By JEFFREY BENZING
WASHINGTON (October 21, 2011)—A push to reduce peak electricity use and decrease money spent on energy has earned Maryland a spot in the top-10 most energy-efficient states, according to a report released Thursday by the American Council for an Energy-Efficient Economy.
"The cheapest kilowatt is the one not needed," said Malcolm Woolf, director of the Maryland Energy Administration. "What Maryland is going to need to do is do what we're doing—but do it faster and more."
The report, funded by the U.S. Department of Energy and the Environmental Protection Agency, has Maryland ranked 10th, the state's highest placement to date. Maryland jumped up six spots from last year, making it one of the most improved states in terms of dollars invested and kilowatts saved.
Topping the list, also for the first time, is Massachusetts, which unseated second-ranked California. Since 2006, the report has detailed policies by state governments that have led to decreased energy use and saved money.
"States always have these friendly, cutthroat rivalries—but it does absolutely bring out the best," said Gina McCarthy, assistant administrator for the EPA's Office of Air and Radiation. "It makes us look at what other states are doing, learn the best of what's been tried."
Success in Maryland, Woolf said, comes in part from the EmPOWER Maryland Energy Efficiency Act, passed in 2008 to reduce state energy demand by 15 percent by 2015. The programs available to Marylanders vary by utility provider but include things like appliance rebates, lighting rebates and home energy audits.
So far, 215,000 Marylanders have used these incentives to save 900 million kilowatt hours of electricity, Woolf said, leading to $117 million total in money not spent on utility bills.

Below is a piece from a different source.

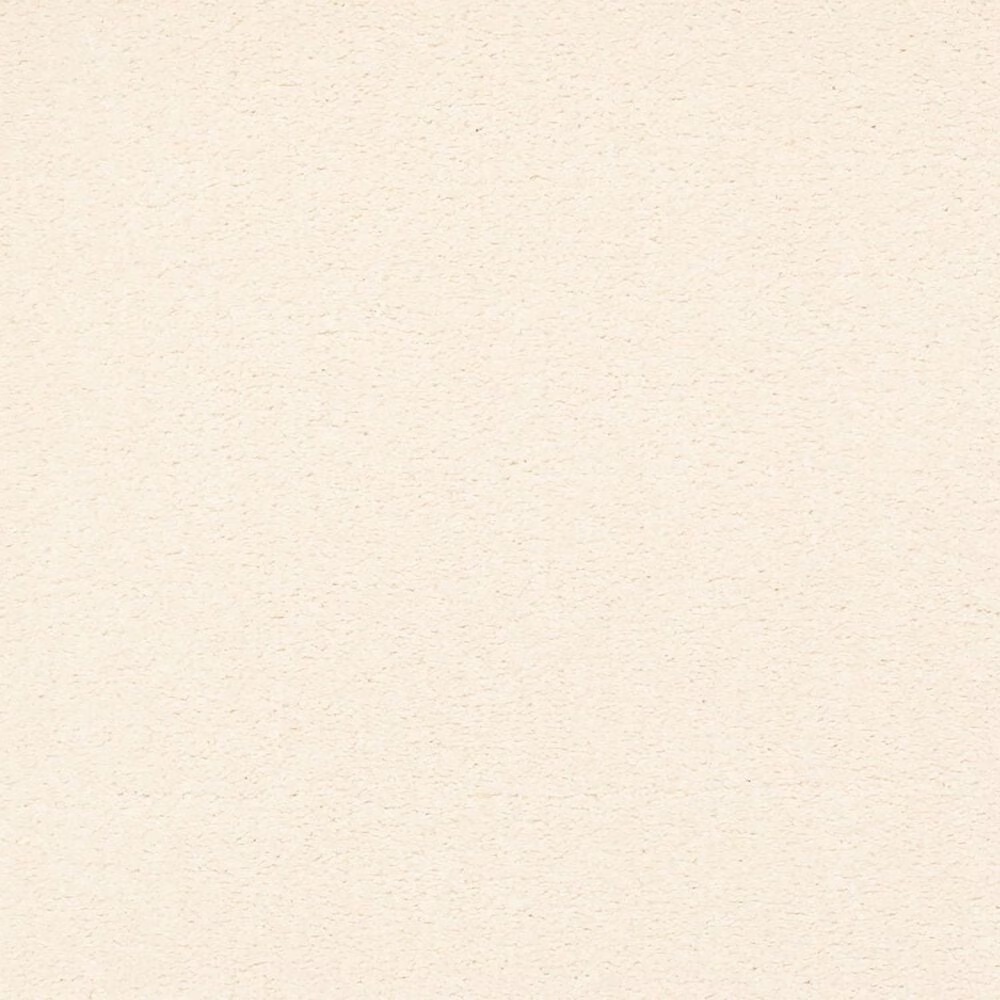 Karastan Tropical Vision Carpet in Buffed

This has reduced peak demand for electricity by more than 600 megawatts—equivalent to the energy produced by three coal-powered plants running when energy demand is at its highest.
The state has also directed nearly $2.7 million in federal stimulus funds to give homeowners a 35 percent rebate on energy-efficient home improvements. So far, about 1,500 Maryland families have used the program, Woolf said, which can be applied to $3,100 in improvements.
Nationwide, $80 billion in federal stimulus money has been directed to energy efficiency, something Kathleen Hogan, deputy assistant secretary for energy efficiency in the U.S. Department of Energy, called a down payment that must lead to lasting investment.
Indeed, the challenge for newly-recognized Maryland will be to keep up momentum in coming years when stimulus money runs out.
"They've done a lot to begin the programs, but they need to really ramp them up further," said Steve Nadel, executive director of the American Council for an Energy-Efficient Economy.
In the new report, New York ranked third, followed by Oregon in fourth place. Vermont, Washington and Rhode Island tied for fifth place, and Minnesota and Connecticut tied for eighth place.